Task to carry out → Your answer must be the exact lines below, starting with the line with "Food & Drinks" and going on through the line with "4 bed, 1.0 bath, 2304 sqft, $2,010 — Photo 2", both included, with no pictures.

Supplied information →
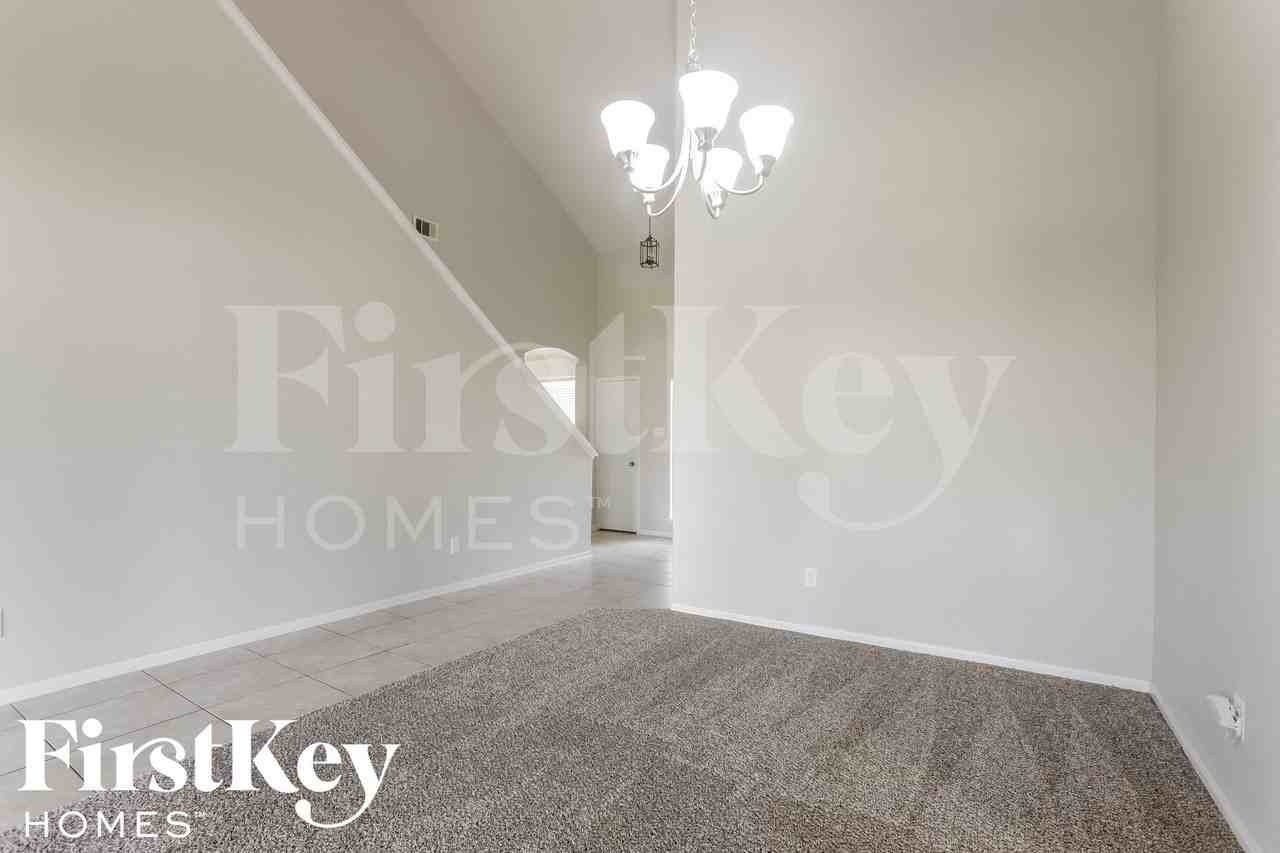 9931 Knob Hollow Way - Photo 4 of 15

* * *

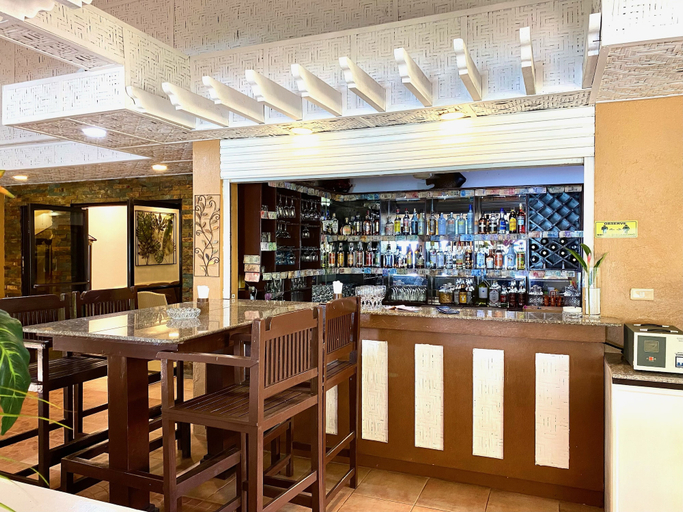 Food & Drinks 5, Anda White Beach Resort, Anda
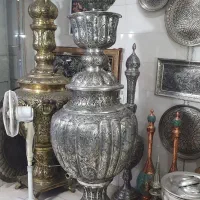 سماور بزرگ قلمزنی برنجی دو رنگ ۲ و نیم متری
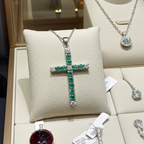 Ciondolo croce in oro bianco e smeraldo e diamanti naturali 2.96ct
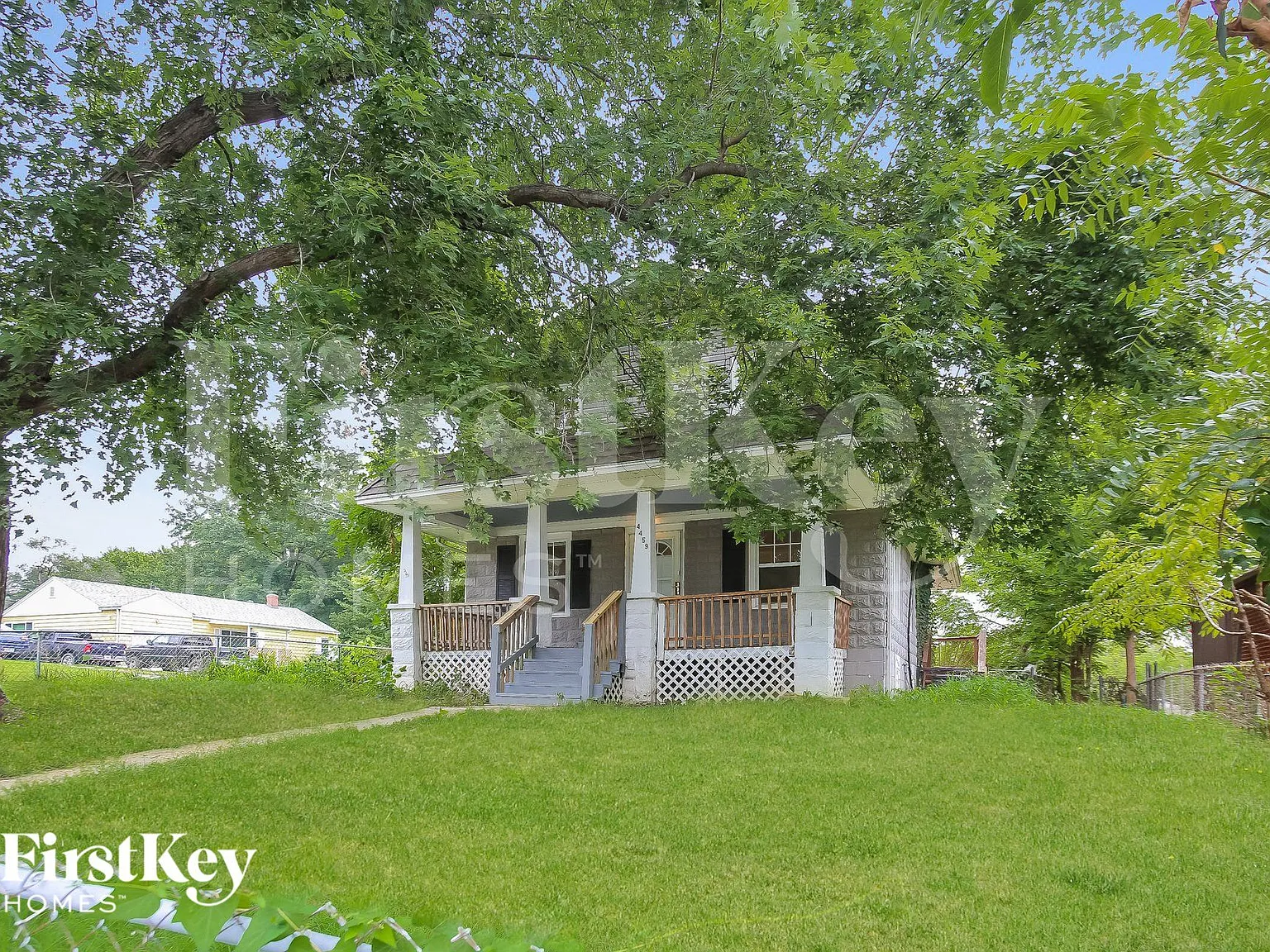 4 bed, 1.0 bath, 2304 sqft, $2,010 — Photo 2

Answer section →
 Food & Drinks 5, Anda White Beach Resort, Anda
 سماور بزرگ قلمزنی برنجی دو رنگ ۲ و نیم متری
 Ciondolo croce in oro bianco e smeraldo e diamanti naturali 2.96ct
 4 bed, 1.0 bath, 2304 sqft, $2,010 — Photo 2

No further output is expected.